Dans le film Gladiateur de Ridley Scott (2000), après un combat dans l’arène du colisée, le héros déclare à l’empereur Commode : « Mon nom est Maximus Decimus Meridius, commandant en chef des armées du Nord, général des légions Felix, fidèle serviteur du vrai empereur Marc Aurèle. Père d'un fils assassiné, époux d'une femme assassinée, et j'aurai ma vengeance dans cette vie ou dans l'autre. » Dont acte.
Ce personnage de fiction fut en partie inspiré par un autre bien réel et bien ancré dans son époque : Marcus Nonius Macrinus qui, contrairement à Maximus, mourut en homme riche au terme d’une brillante carrière. Parmi les vaillants généraux qu’appréciait Marc Aurèle, Macrin, à ne pas confondre avec l’empereur éponyme, était de loin le plus capable et le plus proche de l’empereur.

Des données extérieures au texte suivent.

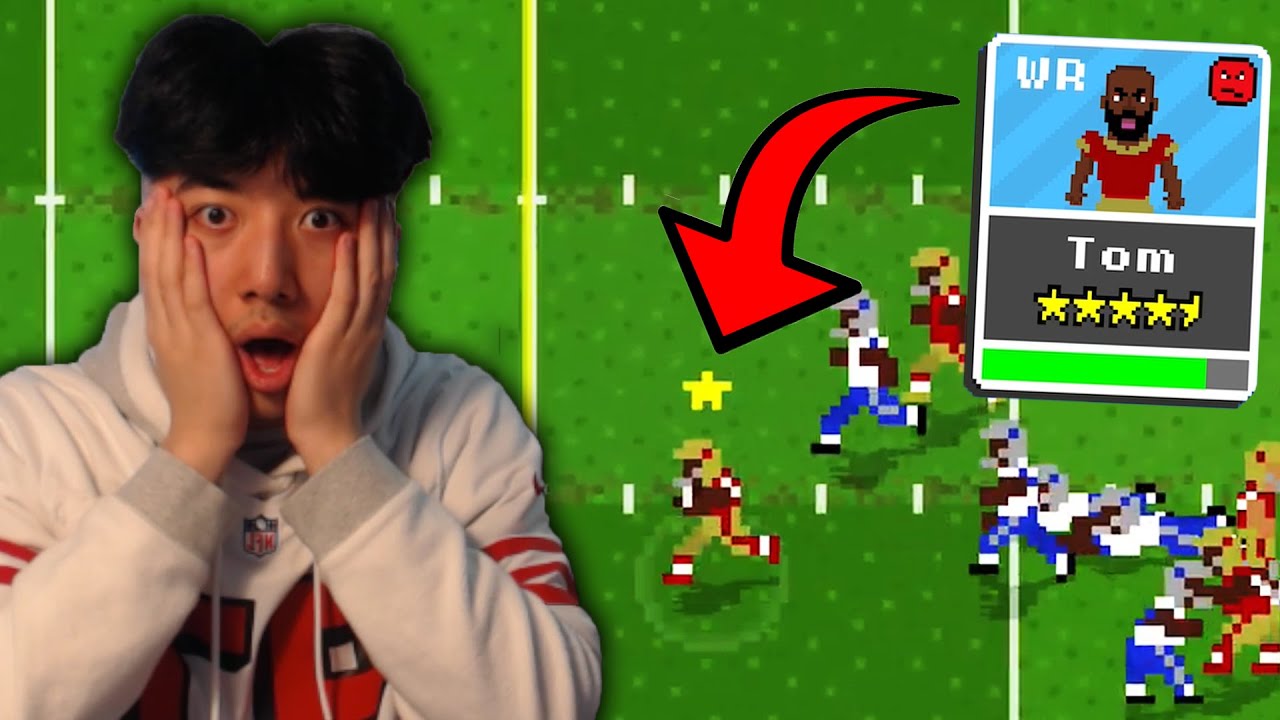 ЛУЧШАЯ ИГРА, В КОТОРУЮ Я КОГДА-ЛИБО ИГРАЛ!? Игровой процесс Retro Bowl #42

Appartenant à la riche et puissante famille Nonii, Macrin, homme de l'Etat romain, servit sous trois empereurs en gagnant des positions de plus en plus importantes.
L’une de ses premières affectations d’importance fut d’intégrer le decemviri stlitibus iudicandis où les magistrats traitaient, notamment, du statut juridique d'un individu. Puis, il fut tribun militaire à la VII Gemina, une légion stationnée dans la province hispanique, et plus tard à la X Fretense à Jérusalem. De retour à Rome, dans les premières années de l'empereur d'Antonin le Pieux, il fut tribun de la plèbe puis préteur. Après le prétorat, il se vit confier deux des tâches dues aux anciens préteurs : le commandement de la XIVe légion Gemina, stationnée à Carnuntum en Haute Pannonie*, puis l'administration de la province voisine de Basse Pannonie, tâche pour laquelle il resta en Aquincum (Budapest) de 151 à 153 après JC. A une date postérieure à 161, il fut coopté parmi les « sodales antoniniani », puis accompagna Marc Aurèle dans une expédition militaire, ce qui lui valut le titre de comes (comte).
Proconsul d'Asie vers 170, il reçut le titre de « Sauveur de la province », titre vraisemblablement dû à son action au moment de l'attaque des barbares, et autres tribus, contre la péninsule balkanique et la mer Égée.
Nommé gouverneur d’Hispanie citérieure, qui couvrait la côte méditerranéenne des Pyrénées à Carthagène, il le fut peut-être aussi de Bétique qui correspond à l’actuelle Andalousie.
* Ancienne région de l'Europe centrale, limitée au nord par le Danube et située à cheval sur les actuelles Autriche, Hongrie, Slovénie, Croatie, nord-ouest de la Serbie et nord de la Bosnie-Herzégovine.
Bref, une belle carrière digne d’une intéressante biographie exemplaire de l’époque, mais pas de quoi émouvoir les chaumières. Macrin ne fut jamais esclave ni gladiateur, et ne mourut pas dans une arène après avoir vaincu le mal. Il s’en faut de beaucoup. Heureusement, les scénaristes veillèrent au grain pour livrer un destin bouleversant à souhait construit avec tous les ingrédients du héros magnifique : fidélité, droiture, honneur, force, amour. Une tragédie grecque à la romaine.
Alors, quand en 2008 les archéologues annoncèrent la mise à jour de la tombe de « Gladiateur », ce fut l’émoi, et le site fut regardé comme la plus importante découverte depuis des décennies.
Erigé par son fils, construit en forme de temple, recouvert de marbre, avec de hautes colonnes flûtées et un sarcophage complexe, c'était le dernier lieu de repos du le général romain.
Effondré et immergé dans le limon déposé à la suite d’une crue du Tibre, le mausolée fut ainsi protégé des pillards déjà très actifs avant la fin de l'ère impériale. Il ressurgissait du passé à l’occasion d’un projet immobilier de luxe. Juste à côté de la tombe, des colonnes de marbre finement sculptées et des tuiles de terre cuite ponctuaient un pan de voie romaine parfaitement conservé : la via Flaminia, qui s'étend le long du Tibre en direction du nord.
Parmi les éléments mis au jour, on trouva une partie de l'inscription funéraire qui permit d'attribuer le monument à Macrinus.